Work to be completed> In the material below, find the line containing "Silla apilable de" and the line containing "Photo 19- click for photo gallery". Output those two lines and all lines between them exactly, without pictures.

Data for review>
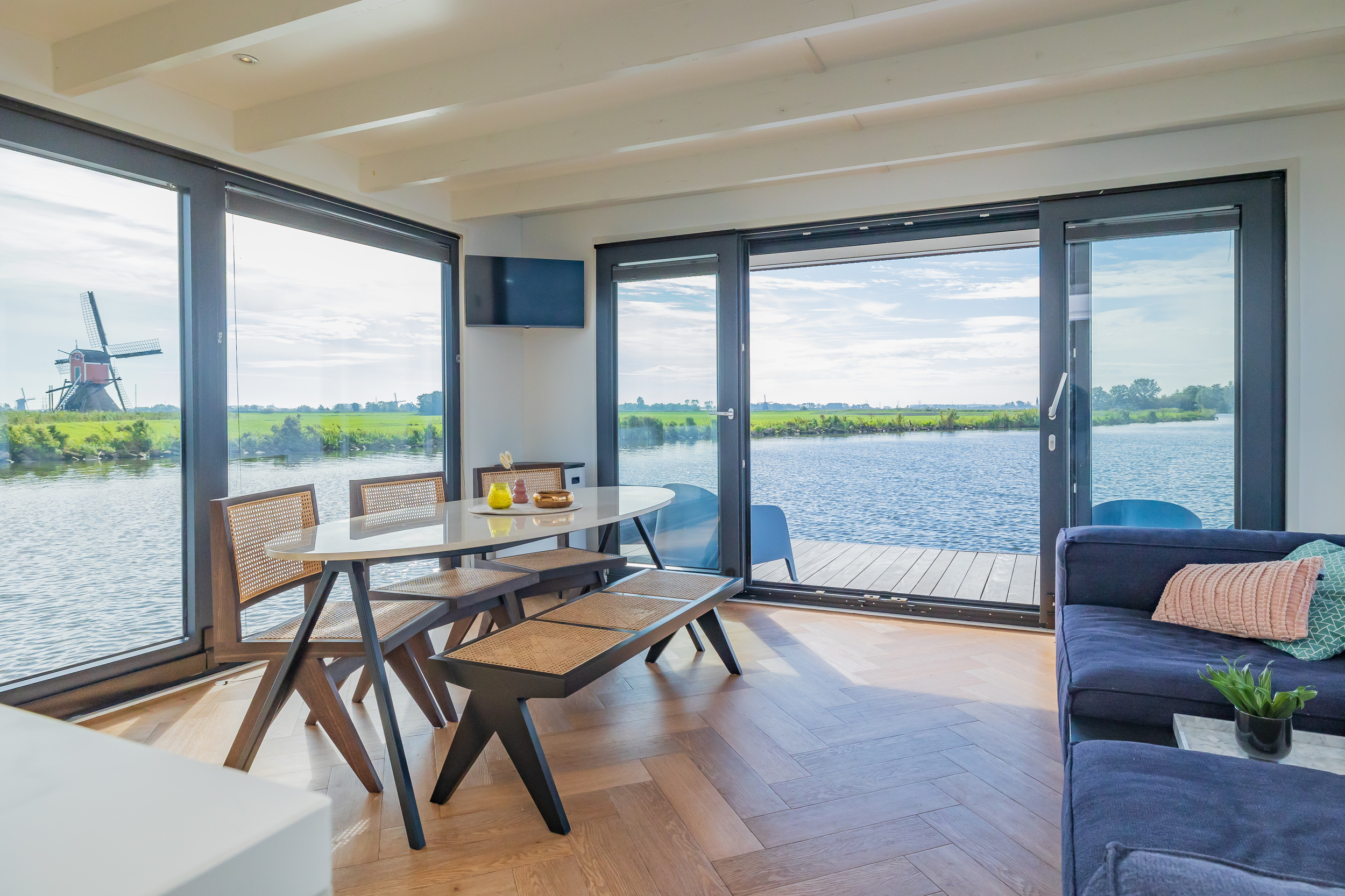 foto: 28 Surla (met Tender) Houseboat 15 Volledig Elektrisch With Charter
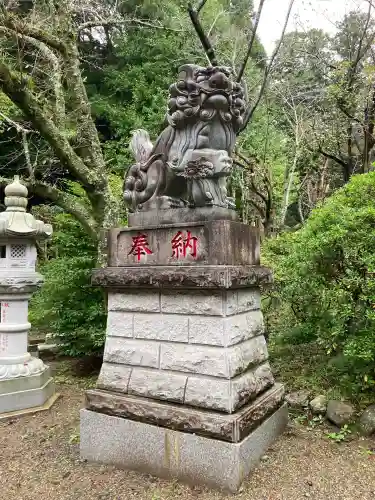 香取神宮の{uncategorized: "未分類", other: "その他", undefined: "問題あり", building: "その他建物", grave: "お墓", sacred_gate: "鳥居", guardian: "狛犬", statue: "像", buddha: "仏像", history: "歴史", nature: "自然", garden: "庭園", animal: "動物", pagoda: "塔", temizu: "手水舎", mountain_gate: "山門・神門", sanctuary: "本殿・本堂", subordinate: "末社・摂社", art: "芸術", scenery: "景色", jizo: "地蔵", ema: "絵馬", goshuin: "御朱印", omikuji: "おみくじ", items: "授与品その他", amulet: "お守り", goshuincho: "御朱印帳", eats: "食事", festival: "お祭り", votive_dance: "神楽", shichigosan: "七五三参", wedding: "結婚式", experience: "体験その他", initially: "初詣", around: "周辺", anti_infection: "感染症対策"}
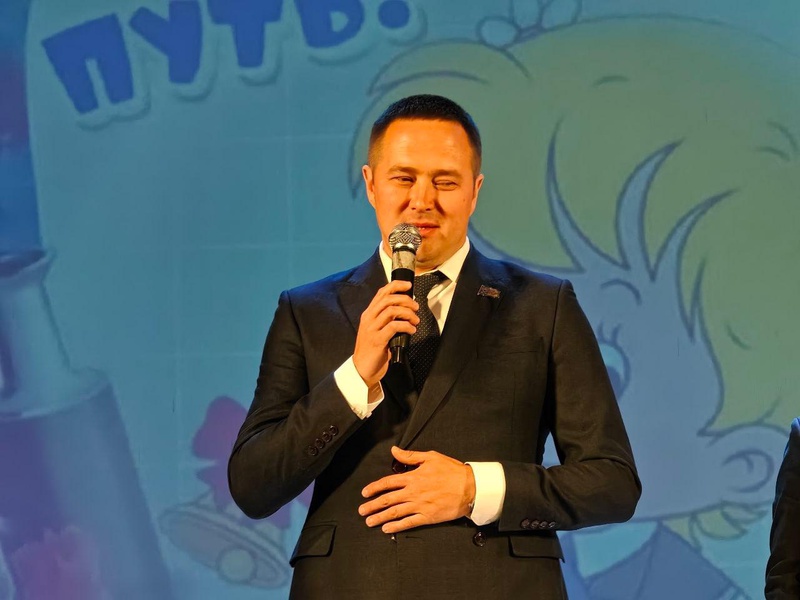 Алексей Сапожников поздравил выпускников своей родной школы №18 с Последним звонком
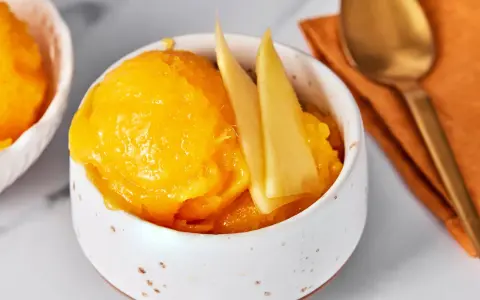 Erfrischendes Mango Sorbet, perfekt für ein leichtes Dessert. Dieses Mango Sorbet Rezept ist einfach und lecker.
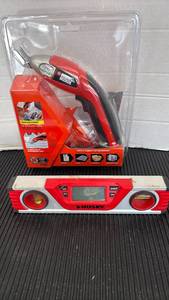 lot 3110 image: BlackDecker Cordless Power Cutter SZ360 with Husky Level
...
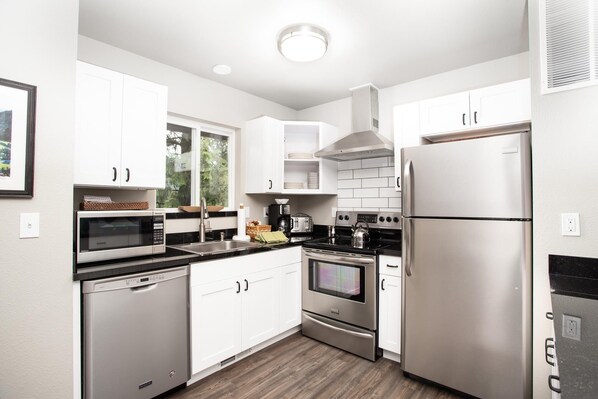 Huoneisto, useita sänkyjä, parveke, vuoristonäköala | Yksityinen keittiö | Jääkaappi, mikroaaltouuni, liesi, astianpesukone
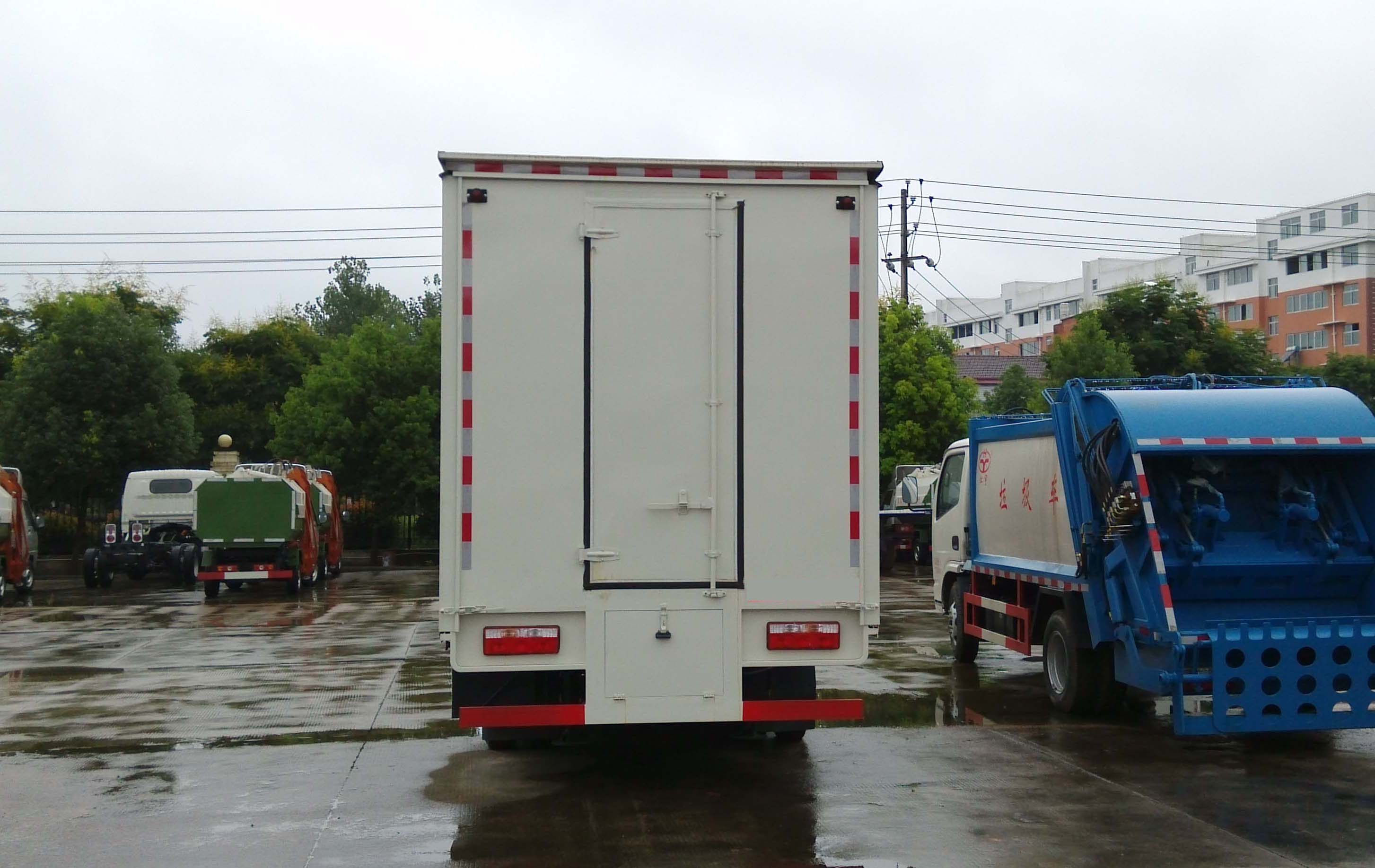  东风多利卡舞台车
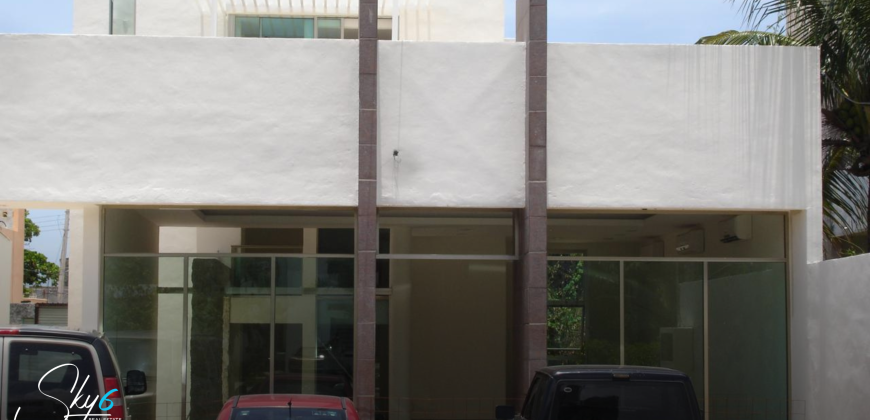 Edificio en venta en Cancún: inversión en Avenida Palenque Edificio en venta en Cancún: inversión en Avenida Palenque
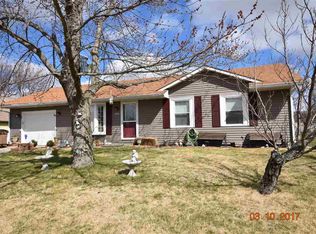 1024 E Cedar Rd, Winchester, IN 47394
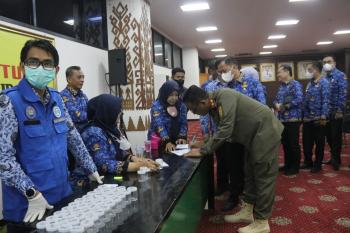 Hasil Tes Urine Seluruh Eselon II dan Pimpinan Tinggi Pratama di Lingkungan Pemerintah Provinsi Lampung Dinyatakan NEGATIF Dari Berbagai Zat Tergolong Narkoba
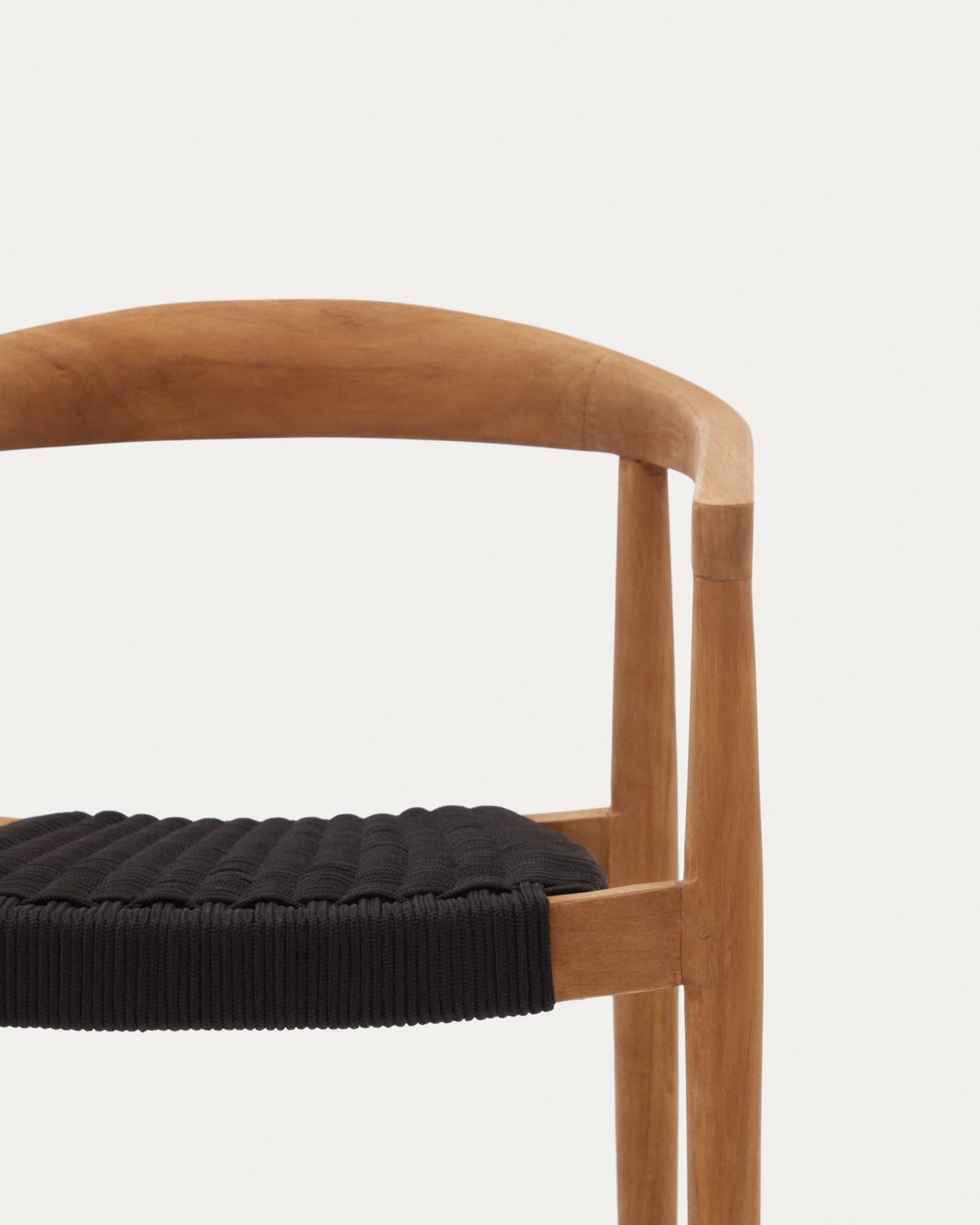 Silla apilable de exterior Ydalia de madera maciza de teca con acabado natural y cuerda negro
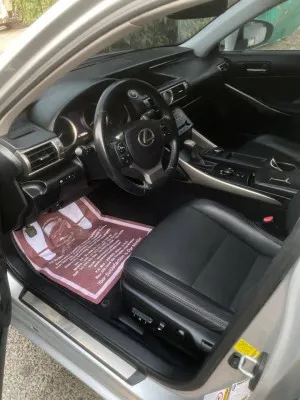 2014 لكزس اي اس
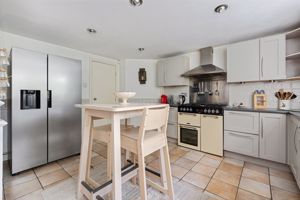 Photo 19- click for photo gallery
...
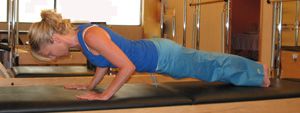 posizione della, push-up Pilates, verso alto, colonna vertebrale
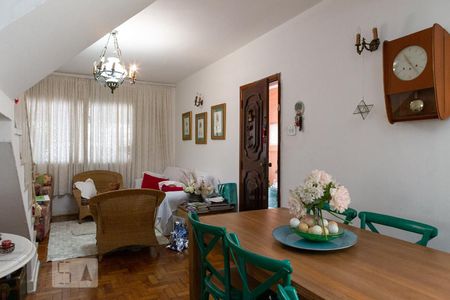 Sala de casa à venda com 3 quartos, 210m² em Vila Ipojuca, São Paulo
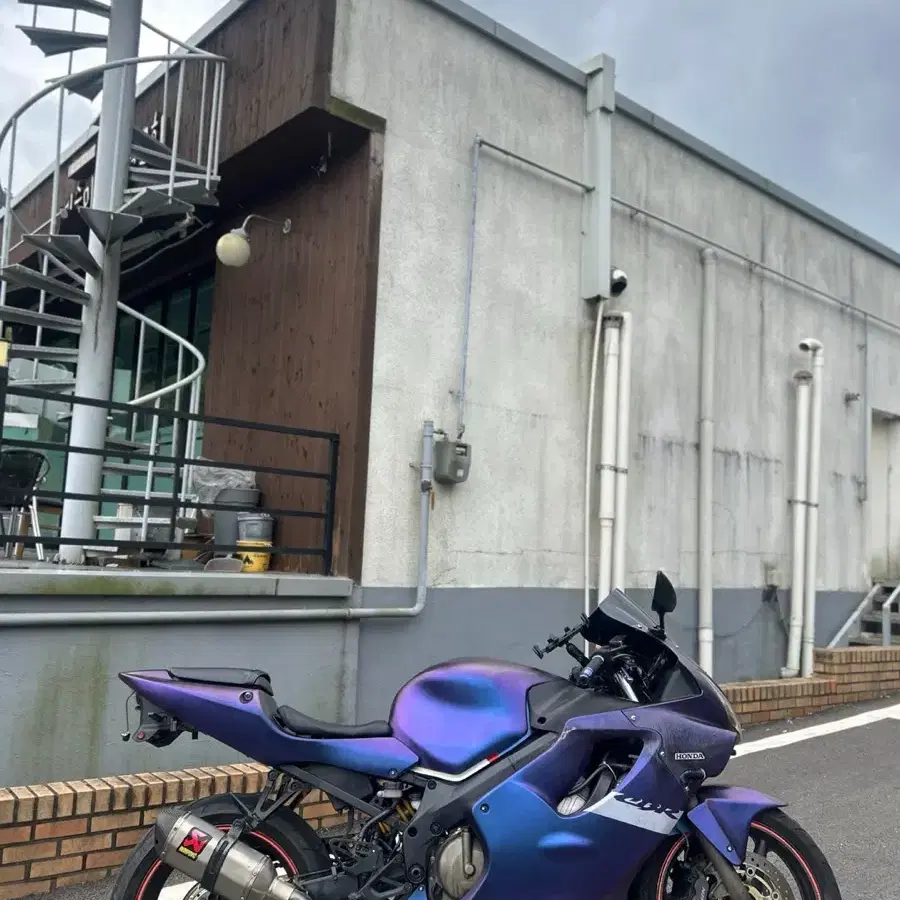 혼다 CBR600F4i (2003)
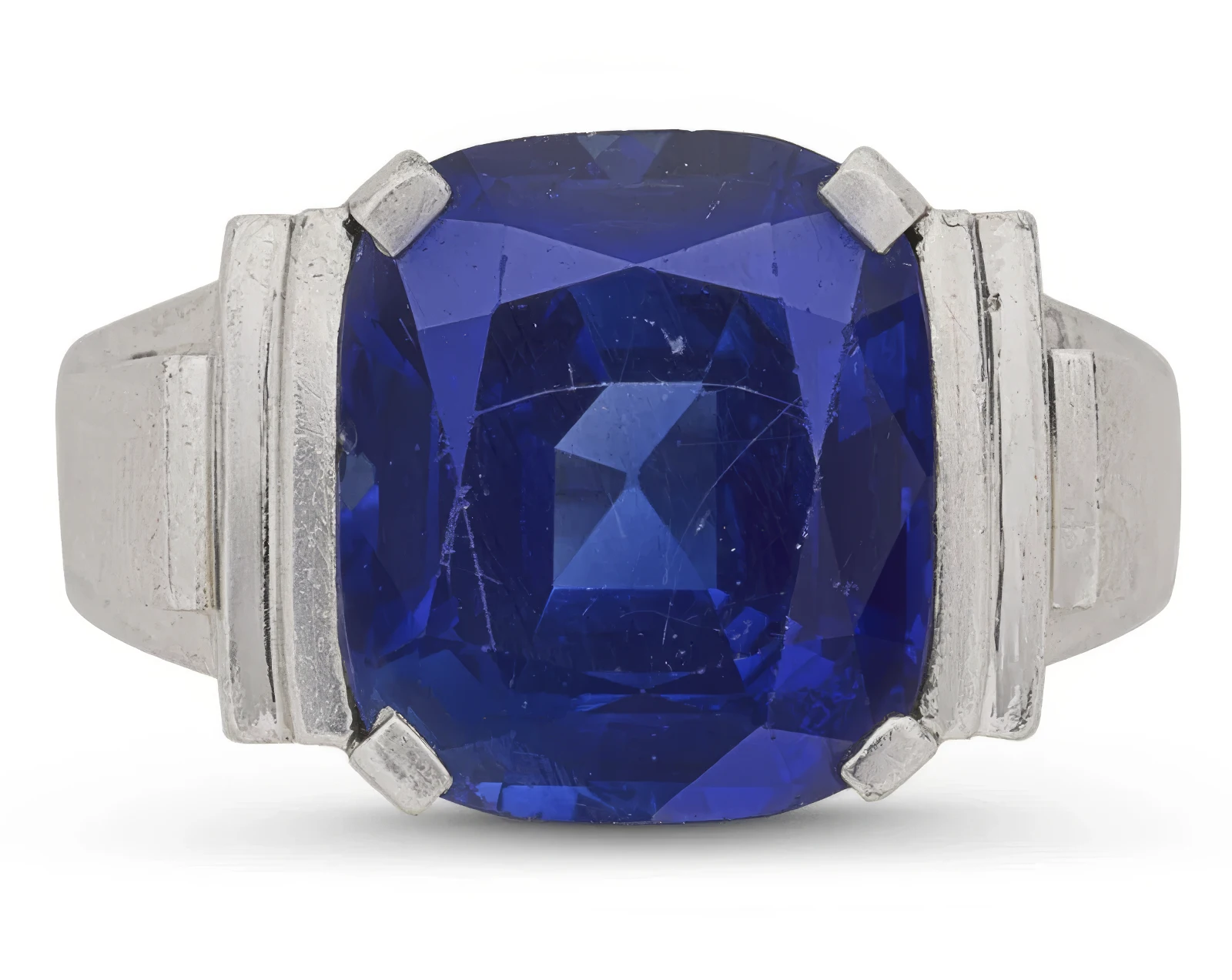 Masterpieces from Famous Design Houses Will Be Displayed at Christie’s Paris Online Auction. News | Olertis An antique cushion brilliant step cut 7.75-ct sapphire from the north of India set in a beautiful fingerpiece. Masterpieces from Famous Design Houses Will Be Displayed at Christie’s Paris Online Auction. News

Expected answer>
 Silla apilable de exterior Ydalia de madera maciza de teca con acabado natural y cuerda negro
 2014 لكزس اي اس
 Photo 19- click for photo gallery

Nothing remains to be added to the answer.